====== Data listing ======

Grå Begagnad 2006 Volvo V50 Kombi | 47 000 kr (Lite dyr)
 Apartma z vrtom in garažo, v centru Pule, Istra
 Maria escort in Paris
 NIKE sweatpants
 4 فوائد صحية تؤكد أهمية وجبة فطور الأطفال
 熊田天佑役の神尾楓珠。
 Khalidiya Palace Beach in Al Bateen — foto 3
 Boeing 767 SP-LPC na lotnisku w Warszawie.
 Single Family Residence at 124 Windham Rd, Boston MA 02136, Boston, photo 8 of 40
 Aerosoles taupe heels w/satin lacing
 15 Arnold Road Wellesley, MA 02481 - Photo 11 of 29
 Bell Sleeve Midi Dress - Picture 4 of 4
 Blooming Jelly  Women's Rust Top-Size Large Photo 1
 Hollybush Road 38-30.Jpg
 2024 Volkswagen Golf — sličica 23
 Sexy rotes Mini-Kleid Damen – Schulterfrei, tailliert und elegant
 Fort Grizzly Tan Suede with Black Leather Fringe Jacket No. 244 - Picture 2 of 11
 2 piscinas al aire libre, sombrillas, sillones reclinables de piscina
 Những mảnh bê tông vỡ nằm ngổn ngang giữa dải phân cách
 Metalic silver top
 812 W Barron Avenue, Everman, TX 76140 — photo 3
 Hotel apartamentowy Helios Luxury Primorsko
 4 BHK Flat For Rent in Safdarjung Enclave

======

Prompt:
Identify the lines above that contain the word "Picture", then copy them.

Exercise answer:
 Bell Sleeve Midi Dress - Picture 4 of 4
 Fort Grizzly Tan Suede with Black Leather Fringe Jacket No. 244 - Picture 2 of 11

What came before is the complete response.